The idyllic village of Port Isaac has a recorded history that dates back to at least the fourteenth century, when it was first officially registered as a fishing settlement. Evidence suggests that there has been human occupation in this part of Cornwall going as far back as the Iron Age, and today Port Isaac remains one of the most isolated villages in Britain. The name ‘Isaac’ is said to derive from the word ‘Yzack’, which translates from the Cornish language as ‘Corn’, however, there are suggestions the name is connected to the little-known Cornish saint ‘Issey’.

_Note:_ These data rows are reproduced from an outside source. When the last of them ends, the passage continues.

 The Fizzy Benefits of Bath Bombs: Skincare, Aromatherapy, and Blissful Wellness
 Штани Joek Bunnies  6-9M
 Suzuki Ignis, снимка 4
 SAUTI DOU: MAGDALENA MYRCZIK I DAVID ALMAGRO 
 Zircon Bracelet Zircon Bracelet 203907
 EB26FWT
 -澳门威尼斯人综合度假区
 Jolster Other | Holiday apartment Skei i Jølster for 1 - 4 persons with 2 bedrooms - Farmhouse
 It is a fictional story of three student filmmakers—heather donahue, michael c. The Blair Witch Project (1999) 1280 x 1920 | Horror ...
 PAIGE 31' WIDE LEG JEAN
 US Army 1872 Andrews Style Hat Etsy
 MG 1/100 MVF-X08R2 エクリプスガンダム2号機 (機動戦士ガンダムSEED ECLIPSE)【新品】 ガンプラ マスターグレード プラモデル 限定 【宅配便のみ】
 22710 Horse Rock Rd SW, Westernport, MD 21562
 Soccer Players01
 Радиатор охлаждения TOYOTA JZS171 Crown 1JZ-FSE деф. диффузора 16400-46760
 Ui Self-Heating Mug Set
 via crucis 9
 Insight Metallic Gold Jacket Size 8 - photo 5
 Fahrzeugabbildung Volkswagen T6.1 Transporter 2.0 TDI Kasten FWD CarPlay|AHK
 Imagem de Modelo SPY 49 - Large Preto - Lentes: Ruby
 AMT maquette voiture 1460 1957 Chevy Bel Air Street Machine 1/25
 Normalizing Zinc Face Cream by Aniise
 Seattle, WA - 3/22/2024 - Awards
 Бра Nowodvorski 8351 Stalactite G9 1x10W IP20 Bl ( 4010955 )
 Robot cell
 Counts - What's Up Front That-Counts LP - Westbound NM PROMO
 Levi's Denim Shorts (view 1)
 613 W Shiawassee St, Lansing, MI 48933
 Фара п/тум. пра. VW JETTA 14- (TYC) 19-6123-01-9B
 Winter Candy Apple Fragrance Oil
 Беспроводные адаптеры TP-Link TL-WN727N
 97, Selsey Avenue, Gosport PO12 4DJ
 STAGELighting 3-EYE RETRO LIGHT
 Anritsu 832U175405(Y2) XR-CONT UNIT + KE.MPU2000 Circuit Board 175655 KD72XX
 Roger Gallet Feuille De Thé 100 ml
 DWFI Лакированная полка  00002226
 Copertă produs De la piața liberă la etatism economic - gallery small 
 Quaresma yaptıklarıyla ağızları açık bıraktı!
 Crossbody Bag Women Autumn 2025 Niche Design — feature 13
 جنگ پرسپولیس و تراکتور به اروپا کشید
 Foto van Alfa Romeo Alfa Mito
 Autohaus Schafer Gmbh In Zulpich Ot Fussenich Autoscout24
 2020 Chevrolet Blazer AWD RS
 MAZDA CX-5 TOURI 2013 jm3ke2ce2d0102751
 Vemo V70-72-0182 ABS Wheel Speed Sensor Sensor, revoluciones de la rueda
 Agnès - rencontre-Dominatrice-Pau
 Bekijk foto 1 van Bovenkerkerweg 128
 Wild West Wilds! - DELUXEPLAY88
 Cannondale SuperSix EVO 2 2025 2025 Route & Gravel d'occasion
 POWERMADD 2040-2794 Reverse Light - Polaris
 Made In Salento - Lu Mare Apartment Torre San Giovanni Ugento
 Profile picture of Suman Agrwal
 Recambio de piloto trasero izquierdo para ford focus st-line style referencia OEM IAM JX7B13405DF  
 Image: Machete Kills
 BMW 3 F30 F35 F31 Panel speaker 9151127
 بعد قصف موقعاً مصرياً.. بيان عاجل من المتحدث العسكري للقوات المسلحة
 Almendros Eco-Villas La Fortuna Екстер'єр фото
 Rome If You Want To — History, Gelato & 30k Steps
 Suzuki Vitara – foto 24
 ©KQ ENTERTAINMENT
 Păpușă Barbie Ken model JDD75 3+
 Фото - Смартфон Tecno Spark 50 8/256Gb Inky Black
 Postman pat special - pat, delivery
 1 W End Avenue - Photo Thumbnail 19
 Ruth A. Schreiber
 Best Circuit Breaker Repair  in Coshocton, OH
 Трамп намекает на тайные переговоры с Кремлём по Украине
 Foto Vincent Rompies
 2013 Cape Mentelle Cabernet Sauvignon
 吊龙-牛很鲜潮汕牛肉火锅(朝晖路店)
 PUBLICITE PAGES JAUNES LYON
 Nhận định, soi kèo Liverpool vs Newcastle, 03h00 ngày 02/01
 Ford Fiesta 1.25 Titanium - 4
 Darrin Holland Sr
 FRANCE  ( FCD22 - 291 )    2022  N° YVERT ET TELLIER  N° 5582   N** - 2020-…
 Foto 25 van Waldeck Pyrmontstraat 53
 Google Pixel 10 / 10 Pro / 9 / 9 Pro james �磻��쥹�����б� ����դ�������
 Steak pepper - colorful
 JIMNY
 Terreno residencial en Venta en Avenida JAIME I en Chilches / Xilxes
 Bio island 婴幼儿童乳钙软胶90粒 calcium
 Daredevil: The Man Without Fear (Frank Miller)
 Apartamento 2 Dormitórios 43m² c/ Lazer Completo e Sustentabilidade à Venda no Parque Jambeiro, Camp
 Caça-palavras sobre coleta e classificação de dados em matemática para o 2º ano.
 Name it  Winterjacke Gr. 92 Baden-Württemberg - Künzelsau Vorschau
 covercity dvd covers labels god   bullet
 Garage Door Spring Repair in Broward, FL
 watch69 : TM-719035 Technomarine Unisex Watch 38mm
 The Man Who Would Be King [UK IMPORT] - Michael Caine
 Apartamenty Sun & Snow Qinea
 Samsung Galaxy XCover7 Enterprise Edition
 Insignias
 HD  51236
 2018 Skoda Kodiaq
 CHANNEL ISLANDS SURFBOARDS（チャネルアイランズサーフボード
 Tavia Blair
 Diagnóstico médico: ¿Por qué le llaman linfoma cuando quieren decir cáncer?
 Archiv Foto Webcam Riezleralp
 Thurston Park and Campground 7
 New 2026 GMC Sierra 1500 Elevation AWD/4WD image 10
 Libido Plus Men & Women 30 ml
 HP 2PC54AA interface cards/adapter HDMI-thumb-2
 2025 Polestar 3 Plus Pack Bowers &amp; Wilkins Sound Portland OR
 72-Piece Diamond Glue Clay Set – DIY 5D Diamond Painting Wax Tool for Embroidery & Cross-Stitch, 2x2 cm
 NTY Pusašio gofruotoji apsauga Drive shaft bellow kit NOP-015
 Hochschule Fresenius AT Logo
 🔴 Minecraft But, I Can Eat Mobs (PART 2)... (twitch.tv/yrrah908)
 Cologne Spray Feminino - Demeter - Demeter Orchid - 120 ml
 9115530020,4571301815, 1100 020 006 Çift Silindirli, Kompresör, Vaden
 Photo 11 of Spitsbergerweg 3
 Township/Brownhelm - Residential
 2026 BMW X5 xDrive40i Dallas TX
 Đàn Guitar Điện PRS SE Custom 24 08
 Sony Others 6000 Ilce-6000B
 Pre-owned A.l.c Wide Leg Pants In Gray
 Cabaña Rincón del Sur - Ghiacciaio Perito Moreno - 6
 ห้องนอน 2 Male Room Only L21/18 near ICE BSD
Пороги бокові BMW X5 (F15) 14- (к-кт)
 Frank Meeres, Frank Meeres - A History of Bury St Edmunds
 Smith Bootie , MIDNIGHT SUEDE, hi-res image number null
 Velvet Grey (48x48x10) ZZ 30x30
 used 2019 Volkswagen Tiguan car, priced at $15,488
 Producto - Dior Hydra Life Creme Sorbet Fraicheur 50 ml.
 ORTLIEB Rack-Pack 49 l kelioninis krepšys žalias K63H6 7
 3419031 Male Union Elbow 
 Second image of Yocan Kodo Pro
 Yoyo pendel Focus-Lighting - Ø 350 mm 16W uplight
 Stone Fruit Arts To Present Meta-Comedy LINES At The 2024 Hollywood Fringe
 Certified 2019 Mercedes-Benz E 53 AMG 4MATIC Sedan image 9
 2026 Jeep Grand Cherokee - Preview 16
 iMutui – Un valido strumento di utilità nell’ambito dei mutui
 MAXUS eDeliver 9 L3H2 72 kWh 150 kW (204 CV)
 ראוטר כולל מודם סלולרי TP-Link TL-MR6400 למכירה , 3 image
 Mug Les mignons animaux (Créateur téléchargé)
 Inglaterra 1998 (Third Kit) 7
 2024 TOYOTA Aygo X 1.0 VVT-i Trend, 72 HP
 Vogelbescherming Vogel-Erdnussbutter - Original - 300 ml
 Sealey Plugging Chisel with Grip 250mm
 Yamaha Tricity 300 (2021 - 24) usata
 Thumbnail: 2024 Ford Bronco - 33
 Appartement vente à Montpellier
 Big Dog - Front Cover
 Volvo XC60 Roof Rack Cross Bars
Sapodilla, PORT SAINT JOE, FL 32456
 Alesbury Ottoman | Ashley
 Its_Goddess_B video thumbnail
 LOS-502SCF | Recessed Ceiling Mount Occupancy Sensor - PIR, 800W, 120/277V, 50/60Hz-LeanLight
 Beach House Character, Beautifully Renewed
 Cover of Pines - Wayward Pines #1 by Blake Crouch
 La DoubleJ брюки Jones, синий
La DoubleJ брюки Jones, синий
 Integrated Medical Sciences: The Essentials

Port Isaac’s natural harbour provides one of the safest refuges of any port along Cornwall’s rugged and often windswept North Atlantic Coast. The breakwater walls here were first developed in the 16th century, during the reign of King Henry VIII, and then later re-built in the 1920’s and 30’s. Works have caused the beach to drop considerably, but keep the port secluded and protected, allowing the village fishermen to safely use the beach to work on. However, they must plan their trawls carefully as they are only able to get their boats in and out of harbour when the tide is high.
Throughout history, the fishing industry has played a crucial role in the life and economy of Port Isaac. The local speciality was Pilchard fishing; with large shoals bringing great wealth to local fisherman for many years. These fish were often covered in salt and then crushed to reap their valuable oils; often more valuable than the dried fish, which was mostly exported into Europe. However, by the 1920’s the Pilchard stock had declined, forcing fishermen to catch Herring, which then also failed in the 1940’s. Now, Crab and Lobster are the main catch of the day, as well as Mackerel and other flat fish.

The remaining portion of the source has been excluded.